Basic T-SQL

In this article I’m going to outline the basic T-SQL commands for those new to the language, and as a reference for others. Here is some basic SQL, using the most common commands, as might be used in a reporting stored procedure.

SELECT Store.StoreName       AS 'StoreName'
       ,Prod.ProductName     AS 'ProductName'
       ,YEAR(Dat.[Date])     AS 'SaleYear'
       ,MONTH(Dat.[Date])    AS 'SaleMonth'
       ,SUM(TotalSaleAmount) AS 'TotalSaleAmount'
FROM       Fact_Sales  Sale
INNER JOIN Dim_Store   Store ON Sale.StoreSK = Store.StoreSK
INNER JOIN Dim_Product Prod  ON Sale.ProductSK = Prod.ProductSK
INNER JOIN Dim_Date    Dat   ON Sale.SaleDateSK = Dat.DateSK
WHERE IsCorrect = 1
  AND Sale.ValidTo IS NULL
GROUP BY Store.StoreName
HAVING SUM(TotalSaleAmount) >= 100
ORDER BY TotalSaleAmount DESC

SELECT x AS y          x specifies the field to return (usually as table.field), y is what the field should be named. Alternatively you can specify a function of a field e.g YEAR(x), a calculation e.g. TotalSales + 10 or a literal e.g. SELECT 4 or SELECT 'John'. Multiple fields are separated by commas. If only one table is involved, you can just specify the field names.

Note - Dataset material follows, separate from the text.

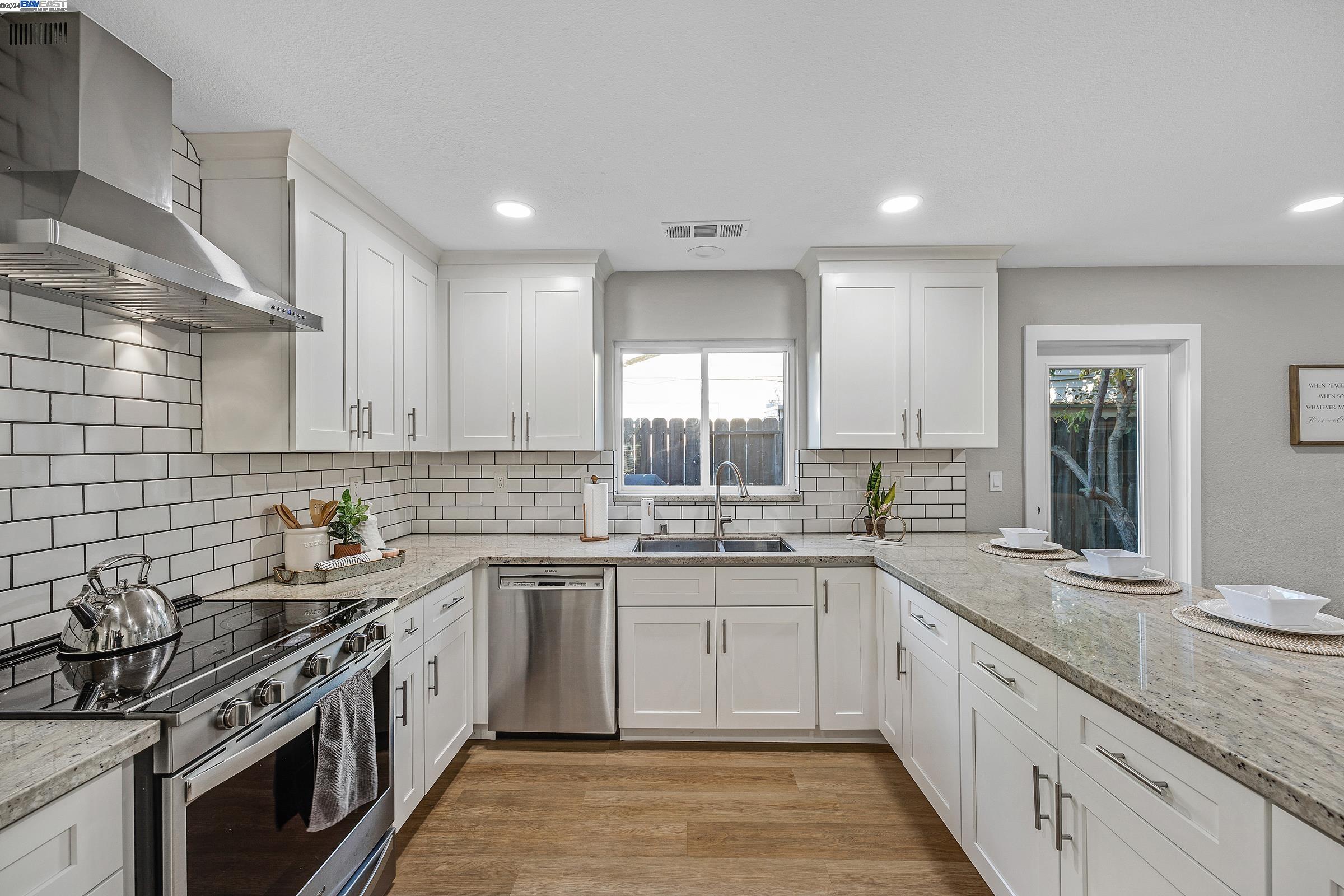 873 Debra St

SELECT *          gives you all the fields from the tables specified. Can be useful for a quick query, but best not used in a final stored procedure as it is unstable when fields are added/removed.

FROM x y          x specifies the main table, y is the table alias (a shortened version of the table name, which you can use to refer to the table in the rest of the statement).

INNER JOIN x ON y = z          x specifies an extra table joined to the main table, y = z determines which records should be joined. It usually takes the form of the dimension table’s primary key = the corresponding foreign key in the fact table. See below for different types of join.

WHERE x = y          x = y specifies a condition which must be true for a record to be included. Multiple conditions can be linked using AND / OR.

GROUP BY x          x is a list of fields to group by, separated by commas. In essence, grouping creates a unique list based on the GROUP BY fields and performs whichever aggregations have been chosen. In a grouped select, all fields selected must either be grouped by, or be an aggregate, or be a literal.

HAVING x = y          x = y is a condition which must be true for a group to be included. Similar to the Where clause, but at the group level. Multiple conditions can be linked using AND / OR.

ORDER BY x y          x specifies a field to order by, y is ascending or descending. Multiple fields are separated by commas and are sorted in the order they are specified. Ordering is usually best left to the report to decide, rather than doing in the stored procedure (this is usually quicker too).

Results from the SELECT statement above

Main JOIN types:

INNER JOIN = The join test is applied to every record in A with every record in B. Only matches that pass the test will be shown.

LEFT JOIN = All records in table A are shown. Records in B that pass the test when paired with records in A will be shown. If a record in A has no matches, it is paired with NULL values.

RIGHT JOIN = same as left join, but A and B are reversed.

FULL OUTER JOIN = All records in A and B are shown. Any that pass the test together are shown together. Any non-linked records are paired with NULL values.

CROSS JOIN = Every record in table A is paired with every record in table B. No conditions are needed.